***** DATA SECTION *****

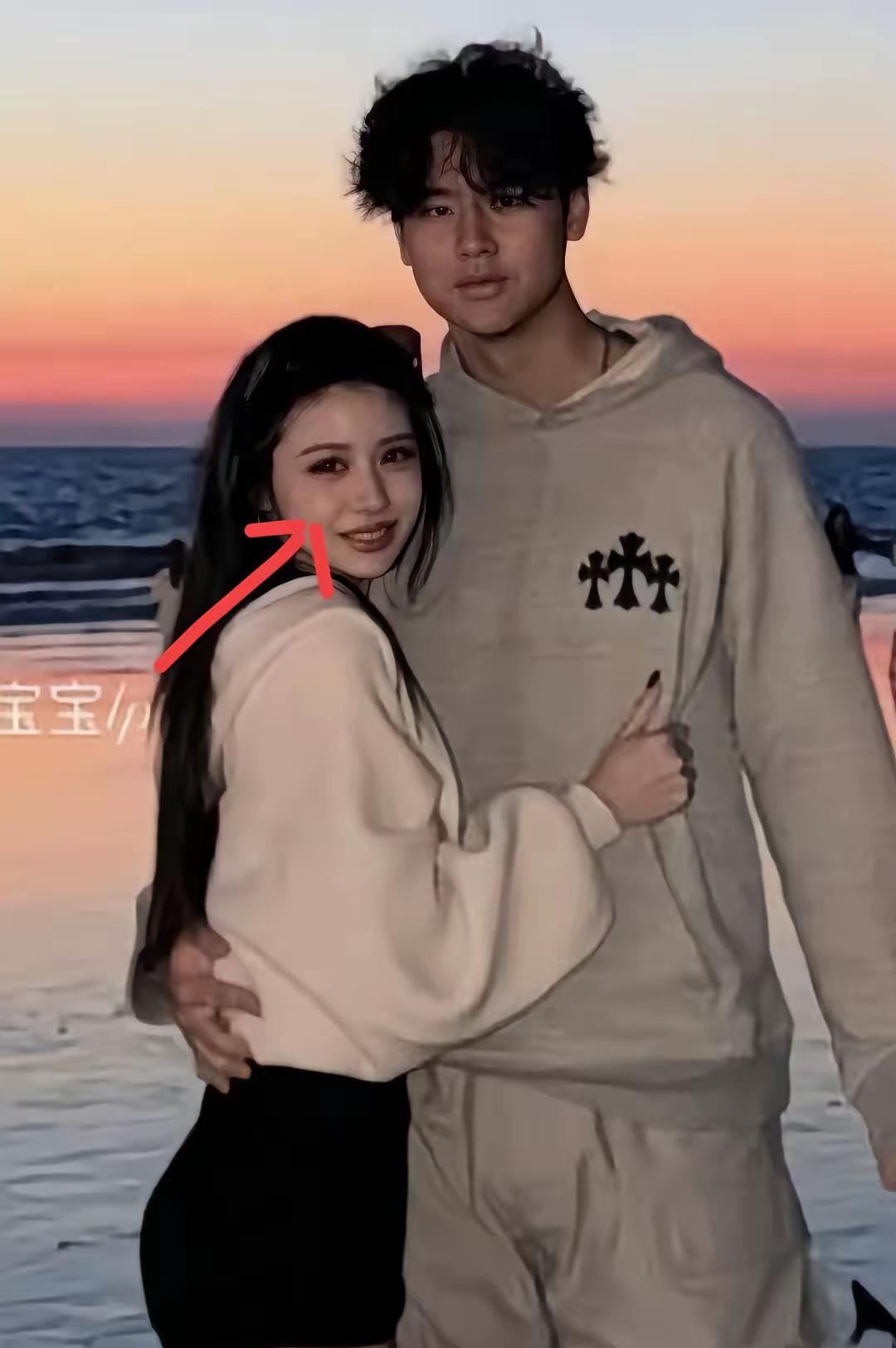 汪峰看到女儿男朋友不吭声了，森林北看到继女男朋友也不吭声了，谁能想汪峰这如花似玉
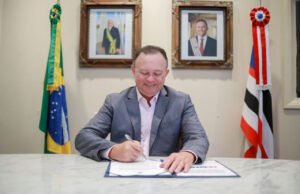 Proposta de reajuste salarial dos professores à Assembleia Legislativa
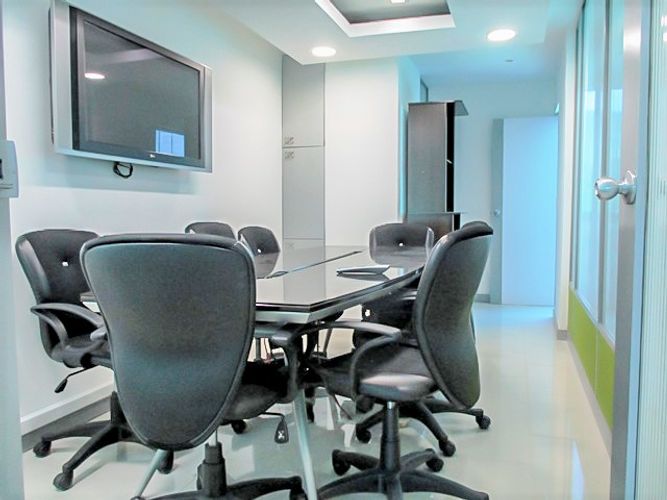 Oficina en arriendo en La Aguacatala, Medellín, 76 m² · foto 9 de 14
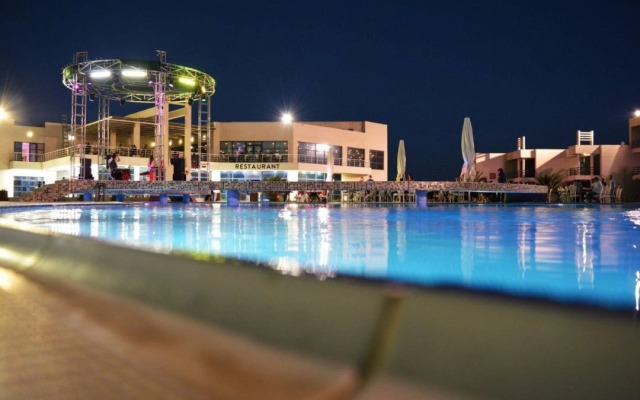 Golden Beach By Sham Baku Hotel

*****

Begin at the line containing "Oficina en arriendo" and restate exactly every line through the end of the material, skipping the pictures.

 Oficina en arriendo en La Aguacatala, Medellín, 76 m² · foto 9 de 14
 Golden Beach By Sham Baku Hotel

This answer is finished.